[quote=sreeb]I don’t think you will see the lines drawn across income levels. I’m expecting it to come down to the productive class vs the leaching class. Much of the financial class has now joined the leaches.
I believe we are already so far gone that default is inevitable, the only question is who gets defaulted on.
It is going to come down to either the entitled (voters) or the bond holders (foreigners and bankers). By the time the 2012 elections are over, the bond holders will realize that it won’t be the entitled. Then we become Greece.
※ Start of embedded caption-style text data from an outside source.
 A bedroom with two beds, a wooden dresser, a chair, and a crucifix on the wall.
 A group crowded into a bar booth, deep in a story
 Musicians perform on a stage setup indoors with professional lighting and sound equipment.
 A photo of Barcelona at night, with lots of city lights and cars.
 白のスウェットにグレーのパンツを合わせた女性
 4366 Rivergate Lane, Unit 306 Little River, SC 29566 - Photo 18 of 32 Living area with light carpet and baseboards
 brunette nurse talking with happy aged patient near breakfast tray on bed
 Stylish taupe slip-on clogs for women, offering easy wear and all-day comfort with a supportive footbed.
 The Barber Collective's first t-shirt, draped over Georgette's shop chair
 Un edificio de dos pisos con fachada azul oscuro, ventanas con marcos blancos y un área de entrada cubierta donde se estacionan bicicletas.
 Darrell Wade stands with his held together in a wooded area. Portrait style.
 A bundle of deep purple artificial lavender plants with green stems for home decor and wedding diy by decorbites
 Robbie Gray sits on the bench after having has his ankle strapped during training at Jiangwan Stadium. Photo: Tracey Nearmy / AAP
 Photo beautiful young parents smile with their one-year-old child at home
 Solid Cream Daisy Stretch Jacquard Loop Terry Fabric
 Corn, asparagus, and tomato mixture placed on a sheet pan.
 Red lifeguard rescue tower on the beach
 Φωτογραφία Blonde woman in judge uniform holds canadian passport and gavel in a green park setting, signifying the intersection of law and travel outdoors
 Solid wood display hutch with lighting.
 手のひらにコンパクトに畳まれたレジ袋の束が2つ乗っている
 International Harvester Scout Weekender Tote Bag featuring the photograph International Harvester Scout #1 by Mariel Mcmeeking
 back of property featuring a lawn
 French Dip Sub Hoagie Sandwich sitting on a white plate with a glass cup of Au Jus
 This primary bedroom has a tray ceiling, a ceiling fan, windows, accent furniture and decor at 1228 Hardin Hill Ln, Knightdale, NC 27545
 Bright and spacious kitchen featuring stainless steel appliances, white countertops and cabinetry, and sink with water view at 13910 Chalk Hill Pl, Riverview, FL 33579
Interest rates will spiral rapidly as first risk is priced in and then the budget effect of the higher rates creates positive feed back.[/quote]
Yeah, that whole post is non-credible.
The problem with us “becoming Greece” is that all of Greece’s debt was externally denominated.
Very little of ours is.
We tend to only issue debt in the form of dollars (not exclusively but for the most part).
If we ever really had a problem paying on those bonds we could just literally print the cash and mail it to the bond holders.
It is possible that the leverage spreads will increase but I doubt it.
Pretty much you can take whatever nominal promise the US makes and treat it as gold now and forever.
We still own the presses.
What will change in the next 10 years or so is that the BRIC countries will gain prominence as consumer markets.
Just wait until Chery starts producing electric vehicles for Asia.
Then being Greece will be the least of our problems.